Rubio’s position is in stark contrast to other members of the Florida congressional delegation.
“I am very grateful that we will avoid a default that would not only hurt the people of this country but that would irreparably damage the financial foundation of this nation,” said Democratic Sen. Sen. Bill Nelson, who called the shutdown the work of party “extremists.”
Republican Rep. Bill Young had also urged fellow members of Congress to approve a clean funding bill, with no strings attached. “The politics should be over," he told The Tampa Bay Times. "It's time to legislate."
More this morning…
Why isn't the jobless claims system working?: It’s turning out to be a real job to file for unemployment benefits using the new $63 million website the state of Florida launched this week to process claims and issue jobless benefits.
Although state officials are claiming that the new Connect system is doing its job, social media sites and unemployment offices have been filled with people experiencing problems and posting complaints. Up to 240,000 jobless Floridians are required to use the online system to receive benefits.
The Tampa Bay Times is describing Florida’s jobless benefits system as ranking “the lowest in granting aid.”

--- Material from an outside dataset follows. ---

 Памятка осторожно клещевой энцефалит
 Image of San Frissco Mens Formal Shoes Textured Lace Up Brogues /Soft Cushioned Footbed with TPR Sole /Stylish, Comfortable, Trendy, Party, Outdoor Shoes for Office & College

Applicants have said the system is not accepting their claims after they are filled out online, or that they are being blocked from the benefits page altogether. Phone lines for customer service are so jammed that people cannot get through for help. Some have driven over to the local unemployment offices, only to be told that they must get their claims filed online.
Michelle Mattock, a laid-off nursing assistant, told The Tampa Bay Times that she was laid off two weeks ago and has been unable to get benefits for herself and her son. She said she was “blocked” from the benefits page. Mattock said she has run out of money. "It's hopeless," she said. "There are no answers. Ever."
Prior to the new system coming online, the Department of Economic Opportunity had warned that the upgraded system would require longer waits and delays, as it is more secure and requires additional information from applicants.
Jolt for ratepayers: The Public Service Commission is expected to decide today on a proposal that would enable Duke Energy to raise rates to cover the costs of two failed nuclear power plants.
If approved, Duke Energy would be able to pass along $3.2 billion in costs to customers.
The money would cover costs associated with the retirement of the Crystal River plant after a failed upgrade, as well as losses from the proposed Levy County nuclear project, which failed to move forward. Duke would pay $1.5 billion.
Rep. Dwight Dudley was among those who testified at public hearings this week before utility regulators. He said Duke Energy ratepayers “are getting ripped off.”